Czech brown coal miner Sokolovská uhelná (SU) says it lost Kč 45 million in January at the hands of the Key Investments brokerage and has filed a complaint with the anti-corruption police and state prosecutor for Prague 1, along with a lawsuit in the Prague Stock Exchange (BCPP) arbitration court, claiming the brokerage mismanaged funds, Czech Position has learnt.
Key Investments, which several years ago played a key role in the fairytale enrichment of Social Democrat (ČSSD) ex-prime minister Stanislav Gross, has been under investigation by the financial services regulator of the Czech National Bank (ČNB) since the end of August 2010. Now the brokerage also faces a lawsuit at the Exchange Court of Arbitration of the BCPP, filed by the law firm Pokorný, Wagner & spol. on behalf of Sokolovská uhelná.
František Štěpánek, who heads Sokolovská uhelná and is its majority shareholder, said in November that already for several months he had been demanding that Key Investments payout the money the miner had invested through the brokerage. “I’m concerned that we may not receive it,” Štěpánek told the daily Hospodářské noviny. ‘Instead of money, the brokerage offered us shares. ... We have grave doubts about their value.’
Štěpánek’s company began investing through Key Investments in 2002 and had invested a total of Kč 50 million through the broker. Sokolovská uhelná had said that previously it had no problems with evaluation or payouts with the brokerage. Last year, however, the miner began to suspect that Key Investment had purposely depreciated the value its investment, and in August the miner lodged a complaint with the ČNB, which has yet to deliver a ruling. This was followed by a lawsuit filed with the BCPP’s arbitration court in January.

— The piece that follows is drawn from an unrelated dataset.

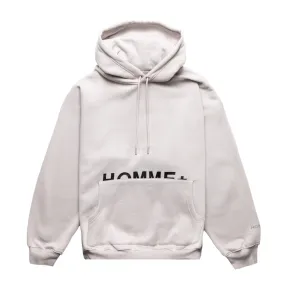 HOMME+ Half-Logo Heavyweight Hoodie Cement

The ČNB’s regulator has scrutinized Key Investments in the past: It handed the brokerage fines of Kč 200,000 in 2008 and Kč 2 million in 2009 after it was found to have invested clients’ money into non-quoted stocks and shares, issued either by the brokerage’s clients, or legal entities in some way connected with Key Investments.

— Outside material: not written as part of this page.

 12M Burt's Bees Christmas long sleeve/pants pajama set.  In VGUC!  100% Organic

Sokolovská uhelná discovered in January that Key Investments had sold all shares in the firm Spolku pro chemickou a hutní výrobu (Spolchemie), in which over 90 percent of the miner’s invested funds were tied up, and accredited the company’s account with just Kč 4.9 million — less than 10 percent of the total Štěpánek’s company had invested. The mining company then turned to the police and public prosecutor.
The problems began for Sokolovská uhelná in the spring of 2010 when the company decided to liquefy its assets and asked Key Investments to pay up.
“Instead of money, the brokerage offered us shares in [Spolchemie] in Ústi nad Labem, which it had bought on our account. But we have grave doubts about their value,” Sokolovská uhelná’s financial director and minority shareholder Jaroslav Rokos said last November. “The Spolchemie shares are practically illiquid, and we doubt they have the value for which Key Investments bought them on our behalf.”
Key Investments was controlled by a firm registered at a UK farm that had rides parked on its land. Rokos said that the acquisition of the Spolchemie shares was contrary to the Sokolovská uhelná’s investment portfolio and strategy. “We have signals that our funds were invested disadvantageously and contrary to our investment and portfolio strategy. Key Investments is now unable to pay them out; therefore, it has devalued our investment,” he said.
Founded in 1999, Key Investments belongs among the smaller Czech brokerages. Several years ago the company assisted in the meteoric rise of former prime minister Stanislav Gross’ wealth when he bought shares in Moravia Energo, a Czech electricity trading company, with money loaned from the Slovak branch of Key Investments.
At the time, Key Investments was in the ownership of Efficient Investments, which was registered at a farm in the UK with fair rides parked on its land; among Efficient Investments’ directors was economist Jiří Weigl, who gave up the post upon being appointed head of the office of Czech President Václav Klaus.
Who owns Key Investments?
The changes to the structure of Key Investments following the Gross affair mean that the company’s ownership is now unclear. The firm had been represented by Vladimír Kroužecký, who told Czech Position that he no longer has anything to do with the company. According to media reports, Daniel Brzkovský is now brokerage’s front man — he reportedly holds a 31 percent stake — but publically available records do not reveal who the other owner(s).
Brzkovský refused to comment on the Sokolovská uhelná case, or say whether Key Investments had purchased shares, bonds or any other financial instruments of the Via Chem Group— a key shareholder in Spolchemie. Brzkovský also declined to say whether or not there are any ownership or personnel ties between Via Chem Group and Key Investments and refused to reveal anything about the ownership structure of the brokerage.